(Provided material Opens)

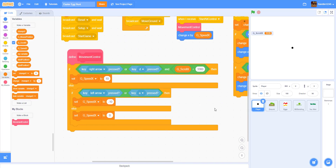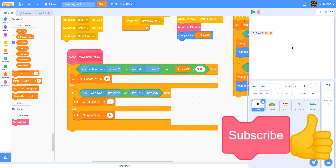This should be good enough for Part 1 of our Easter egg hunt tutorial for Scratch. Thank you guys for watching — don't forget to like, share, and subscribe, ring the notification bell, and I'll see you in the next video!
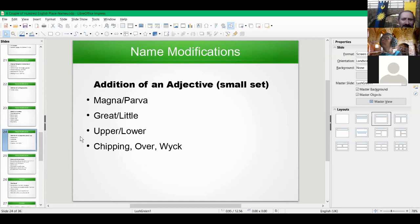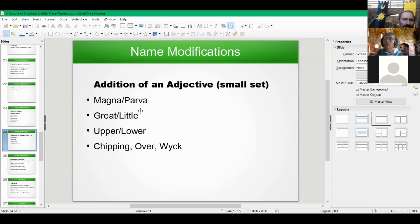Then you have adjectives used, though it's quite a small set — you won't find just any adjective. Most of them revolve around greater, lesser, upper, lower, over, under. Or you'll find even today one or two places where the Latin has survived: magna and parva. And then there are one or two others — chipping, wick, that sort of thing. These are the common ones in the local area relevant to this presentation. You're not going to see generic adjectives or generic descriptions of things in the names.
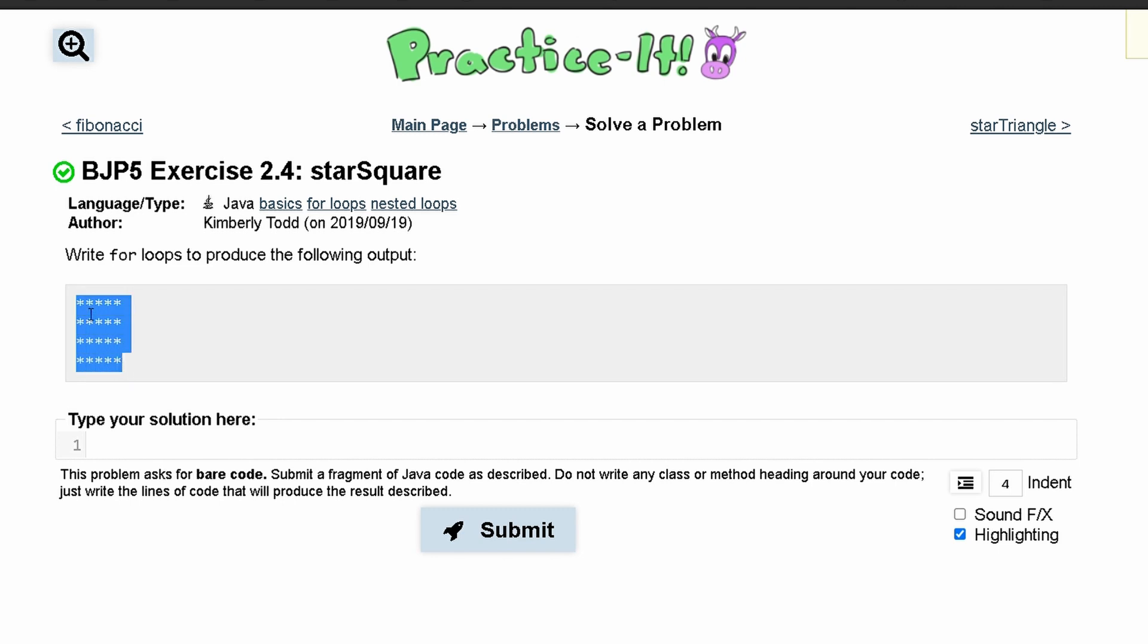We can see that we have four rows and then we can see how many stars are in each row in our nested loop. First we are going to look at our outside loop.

(Provided material Closes)
(Provided material Opens)

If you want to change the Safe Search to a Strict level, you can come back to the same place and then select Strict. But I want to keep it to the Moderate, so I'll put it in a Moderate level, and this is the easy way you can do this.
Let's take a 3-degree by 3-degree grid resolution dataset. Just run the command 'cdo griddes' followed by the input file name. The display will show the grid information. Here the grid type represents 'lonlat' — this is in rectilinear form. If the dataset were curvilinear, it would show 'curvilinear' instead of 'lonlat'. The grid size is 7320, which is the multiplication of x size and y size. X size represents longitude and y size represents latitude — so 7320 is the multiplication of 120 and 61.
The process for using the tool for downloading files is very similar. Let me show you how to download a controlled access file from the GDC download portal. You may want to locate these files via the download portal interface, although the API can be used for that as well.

(Provided material Closes)

In the listing above, find the line containing "Let's take a" and the line containing "The process for". Output them and every line between, exactly, and nothing else.

→ Written answer
Let's take a 3-degree by 3-degree grid resolution dataset. Just run the command 'cdo griddes' followed by the input file name. The display will show the grid information. Here the grid type represents 'lonlat' — this is in rectilinear form. If the dataset were curvilinear, it would show 'curvilinear' instead of 'lonlat'. The grid size is 7320, which is the multiplication of x size and y size. X size represents longitude and y size represents latitude — so 7320 is the multiplication of 120 and 61.
The process for using the tool for downloading files is very similar. Let me show you how to download a controlled access file from the GDC download portal. You may want to locate these files via the download portal interface, although the API can be used for that as well.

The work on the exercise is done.